**TASK ITEM**:
When a line of the entries contains "using", please list that line.

**Stored dataset items**:
******************************
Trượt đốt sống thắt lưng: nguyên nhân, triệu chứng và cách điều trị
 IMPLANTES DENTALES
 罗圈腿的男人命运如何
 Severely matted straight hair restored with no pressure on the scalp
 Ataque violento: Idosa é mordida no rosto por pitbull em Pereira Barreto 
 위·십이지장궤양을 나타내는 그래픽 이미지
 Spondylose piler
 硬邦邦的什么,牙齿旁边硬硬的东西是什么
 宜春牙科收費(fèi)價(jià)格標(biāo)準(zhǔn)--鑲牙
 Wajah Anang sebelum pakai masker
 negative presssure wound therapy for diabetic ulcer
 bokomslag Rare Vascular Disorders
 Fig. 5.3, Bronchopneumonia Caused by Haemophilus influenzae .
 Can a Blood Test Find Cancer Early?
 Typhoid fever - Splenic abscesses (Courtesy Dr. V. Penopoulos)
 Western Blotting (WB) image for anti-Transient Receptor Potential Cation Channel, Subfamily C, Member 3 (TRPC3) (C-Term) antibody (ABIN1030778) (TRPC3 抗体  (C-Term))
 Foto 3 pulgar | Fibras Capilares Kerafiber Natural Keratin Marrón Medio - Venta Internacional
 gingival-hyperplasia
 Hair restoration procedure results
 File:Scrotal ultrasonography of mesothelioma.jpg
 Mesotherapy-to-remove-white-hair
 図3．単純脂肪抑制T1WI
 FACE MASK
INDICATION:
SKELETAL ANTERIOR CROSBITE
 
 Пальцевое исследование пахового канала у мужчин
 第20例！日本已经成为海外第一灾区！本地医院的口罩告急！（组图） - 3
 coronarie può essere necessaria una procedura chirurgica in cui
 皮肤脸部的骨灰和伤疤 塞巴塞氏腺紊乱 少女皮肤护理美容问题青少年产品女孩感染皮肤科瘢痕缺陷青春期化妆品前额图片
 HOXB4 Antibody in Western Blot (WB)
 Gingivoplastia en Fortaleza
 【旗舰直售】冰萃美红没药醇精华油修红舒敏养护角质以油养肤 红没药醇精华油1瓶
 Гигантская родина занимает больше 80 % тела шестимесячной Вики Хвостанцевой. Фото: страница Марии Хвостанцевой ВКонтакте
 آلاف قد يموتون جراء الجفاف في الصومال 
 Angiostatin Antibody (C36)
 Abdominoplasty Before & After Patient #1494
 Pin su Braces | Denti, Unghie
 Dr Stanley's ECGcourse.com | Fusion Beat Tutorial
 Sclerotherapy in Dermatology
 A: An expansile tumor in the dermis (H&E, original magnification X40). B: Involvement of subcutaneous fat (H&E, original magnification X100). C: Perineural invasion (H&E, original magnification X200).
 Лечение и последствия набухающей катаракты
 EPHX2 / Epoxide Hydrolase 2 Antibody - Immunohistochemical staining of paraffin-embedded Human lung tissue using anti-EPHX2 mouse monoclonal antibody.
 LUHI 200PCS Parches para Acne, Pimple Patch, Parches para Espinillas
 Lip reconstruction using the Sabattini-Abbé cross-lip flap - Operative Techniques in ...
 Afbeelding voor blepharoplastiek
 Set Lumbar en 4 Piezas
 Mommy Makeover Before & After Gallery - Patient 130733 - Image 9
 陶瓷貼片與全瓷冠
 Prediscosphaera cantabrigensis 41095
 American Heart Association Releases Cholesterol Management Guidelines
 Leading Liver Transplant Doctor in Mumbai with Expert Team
******************************
**COMPLETED EXERCISE**:
 EPHX2 / Epoxide Hydrolase 2 Antibody - Immunohistochemical staining of paraffin-embedded Human lung tissue using anti-EPHX2 mouse monoclonal antibody.
 Lip reconstruction using the Sabattini-Abbé cross-lip flap - Operative Techniques in ...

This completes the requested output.